Sacks cita em seu texto o investimento em mísseis balísticos intercontinentais (ICBMs) “novos e mais resistentes”, em submarinos com mísseis balísticos que podem alcançar os Estados Unidos em sua porção continental, em novos bombardeiros nucleares e até em uma opção de lançamento ferroviário móvel.

“A China também está desenvolvendo sistemas de bombardeio orbital fracionado e veículos de deslizamento hipersônico, possuindo agora ‘o maior arsenal de mísseis hipersônicos do mundo'”, disse Sacks. “A prontidão da China está melhorando”, complementou.

Armas nucleares contra Taiwan

O relatório do Pentágono aponta que Beijing poderia considerar o uso das armas nucleares caso uma derrota militar convencional em Taiwan ameaçasse gravemente o regime comunista. A China não renuncia ao uso da força contra a ilha, que considera uma província rebelde, intensificando as tensões na região.

Apesar das declarações oficiais de Beijing sobre o caráter defensivo de sua política militar, especialistas questionam as verdadeiras intenções do país. “Somente uma forte aliança liderada pelos EUA pode impedir que o Indo-Pacífico mergulhe em um conflito”, disse Liao.

Além de Taiwan, a crescente presença militar chinesa também coloca em alerta aliados tradicionais dos Estados Unidos, como Japão, Austrália e Coreia do Sul.

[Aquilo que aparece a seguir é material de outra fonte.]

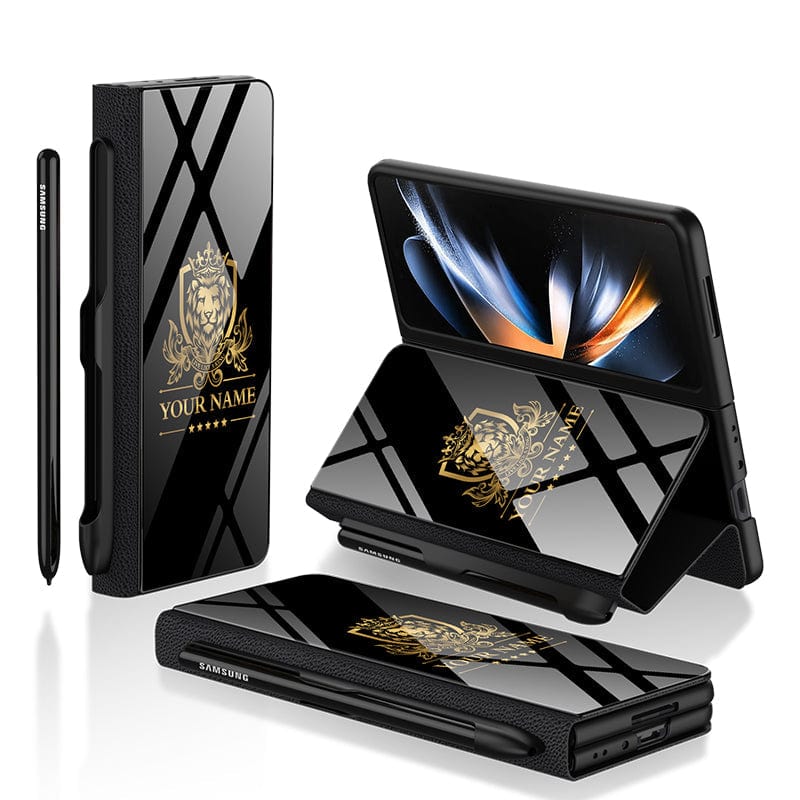 Samsung Galaxy Z Fold 3 5G Cover - Gold Series - HQ Ultra Shine Premium Infinity Glass Soft Silicon Borders Case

Esses países têm fortalecido parcerias estratégicas e aumentado investimentos em defesa para conter o avanço de Beijing na região.

Ainda segundo o relatório, a modernização militar chinesa é comparável à expansão da Marinha soviética entre as décadas de 1960 e 1980. Essa comparação reflete não apenas o ritmo acelerado do desenvolvimento militar, mas também as implicações geopolíticas que ele traz para o equilíbrio de poder global.

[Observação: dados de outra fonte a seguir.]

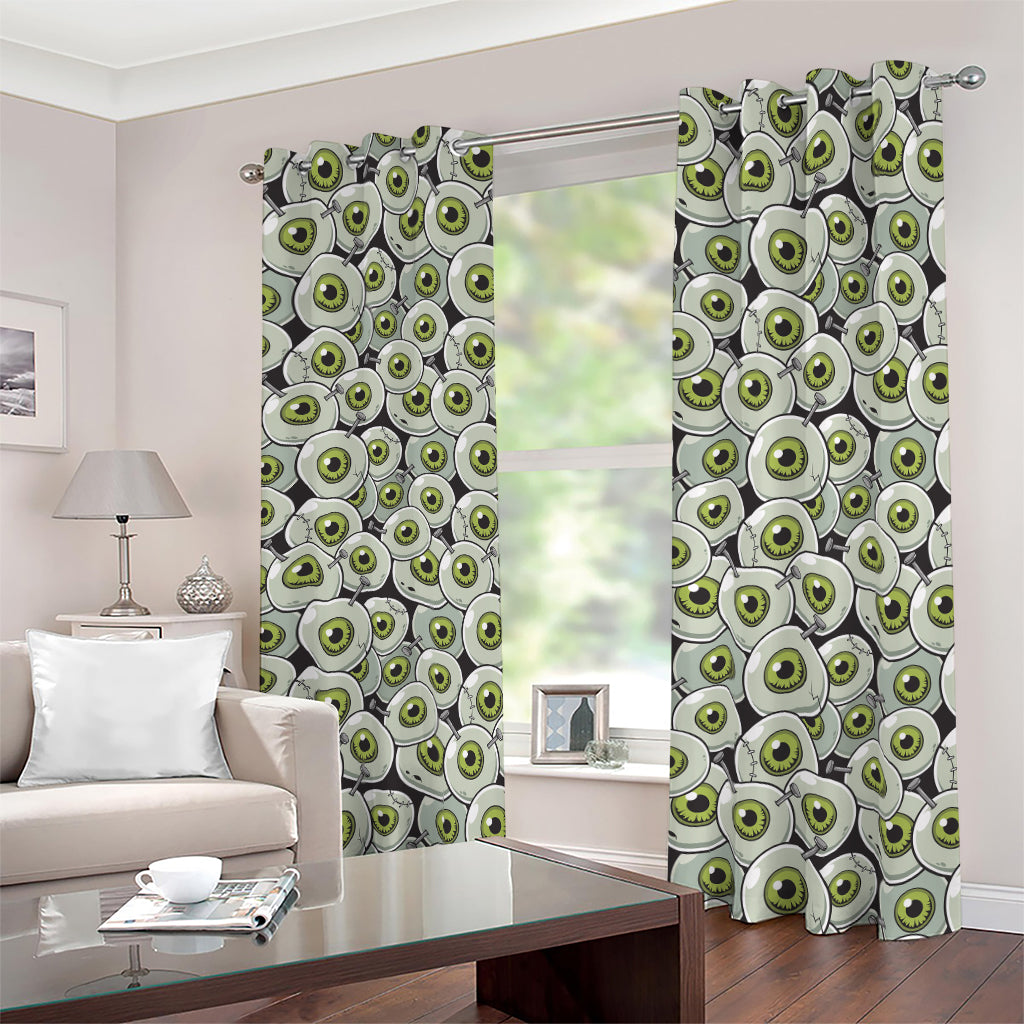 Frankenstein Eyeball Pattern Print Blackout Grommet Curtains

Com o Indo-Pacífico definido como prioridade estratégica pelos Estados Unidos, o avanço militar de Beijing reforça a necessidade de articulações multilaterais na região. No entanto, permanece a dúvida sobre até onde a China está disposta a ir para alcançar seus objetivos, especialmente em relação a Taiwan e ao domínio das rotas marítimas globais.

Sacks avalia que nem os frequentes casos de corrupção permitem minimizar o projeto militar de Beijing, particularmente a unificação com a ilha. Segundo ele, “seria um erro focar nesse tema em detrimento dos significativos avanços que a China claramente está fazendo em direção à construção de um exército altamente moderno e capaz, que pode ameaçar os Estados Unidos, seus aliados e parceiros.”